# USB Ethernet UE0 RTL8156 not going promiscuous -- looking for tips



## Bryce Alexander (Dec 25, 2021)

I have a Startech US2GA30 with the chipset Realtek - RTL8156 that works for normal functions and appears as UE0, however I want to use it in promiscuous mode for running Snort. When I set it for promisc in ifconfig is says it is in promisc, however I only see arp and broadcast traffic which tells me it isn't actually in promiscuous. The manufacturer states that the chipset supports promiscuous, so I suspect this is in the driver. Any helpful tips for getting it to work would be appreciated.


----------



## covacat (Dec 26, 2021)

if you are in switched environment this is normal (nobody has ethernet hubs these days anyway)
unless the nic is part of a bridge


----------



## Bryce Alexander (Dec 26, 2021)

It is connected to a tap, not a switch. I am aware of the need of a span port if it were a switch. The tap is manufactured by SharkTap. This is located between the ISP handoff and my Cisco Router.

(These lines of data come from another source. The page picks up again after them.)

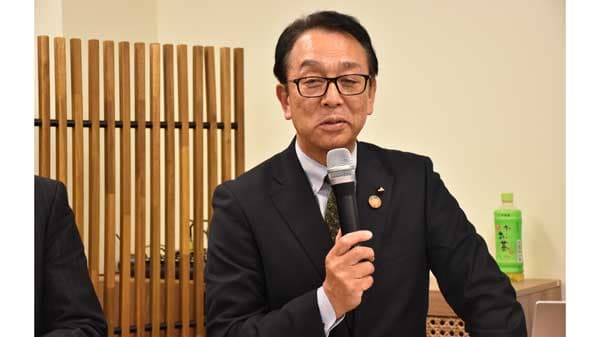 【農協研究会】報告Ⅲ：地域の農業と社会の双方の活性化に貢献する　ＪＡはだの宮永均組合長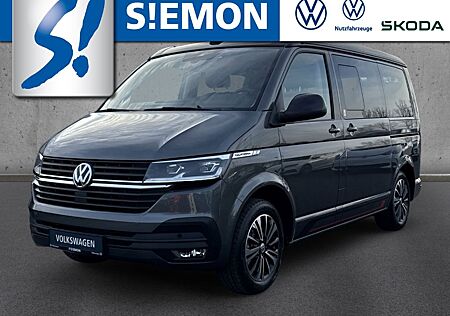 VW T6 California Volkswagen T6.1 California TDI DSG Beach Tour Edition AHK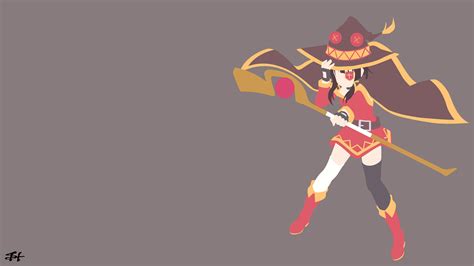 Megumin Wallpapers Wallpaper Cave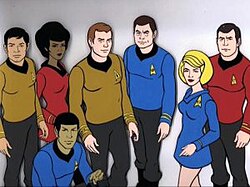 Star Trek: The Animated Series is returning with new shorts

ISP--------tap-----------Cisco---{My Network}
                  |
                  |
                NIC
                IDS


----------



## Bryce Alexander (Dec 26, 2021)

Additional Information: Running FreeBSD 13.0 Release-p4 with recent freebsd-update. Searching bugs shows that the ue(4) interface documentation is missing (open bug) and reviewing the hardware compatibility I am unable to see what chipsets the ue(4) driver supports. Is there a way to see what chipset the driver believes I have and has selected when it loaded?


----------



## covacat (Dec 26, 2021)

it's supported by if_cdce
on 13.0-R there is no support for promisc but 13-STABLE seems to have it








						if_cdce: Add support for setting RX filtering · freebsd/freebsd-src@28df957
					

We can now set promisc and allmulti modes. Filtering of given multicast addresses is not supported. Changing the mode is done by sending a command described in: "USB CDC Subclass Specification...




					github.com


----------



## Bryce Alexander (Dec 28, 2021)

covacat I loaded the latest snapshot of STABLE and it does indeed work. Thanks for your help.


----------